Extracted data Start Marker
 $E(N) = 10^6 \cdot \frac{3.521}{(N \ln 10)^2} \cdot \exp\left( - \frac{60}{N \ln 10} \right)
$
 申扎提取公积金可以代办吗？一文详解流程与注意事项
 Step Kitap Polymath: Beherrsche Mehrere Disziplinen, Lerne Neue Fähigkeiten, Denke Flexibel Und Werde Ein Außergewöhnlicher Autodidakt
Extracted data End Marker
Extracted data Start Marker
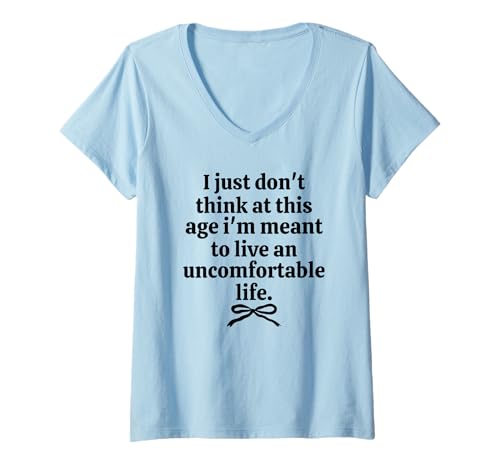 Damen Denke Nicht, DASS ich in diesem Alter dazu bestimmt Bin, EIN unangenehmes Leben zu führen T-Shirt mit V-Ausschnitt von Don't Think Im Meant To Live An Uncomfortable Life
Extracted data End Marker
- [Task statement]
Using the listing above, copy exactly the line that contains "申扎提取公积金可以代办吗？一文详解流程与注意事项", the line that contains "Step Kitap Polymath: Beherrsche", and each line that falls between them.

- [Exercise answer]
 申扎提取公积金可以代办吗？一文详解流程与注意事项
 Step Kitap Polymath: Beherrsche Mehrere Disziplinen, Lerne Neue Fähigkeiten, Denke Flexibel Und Werde Ein Außergewöhnlicher Autodidakt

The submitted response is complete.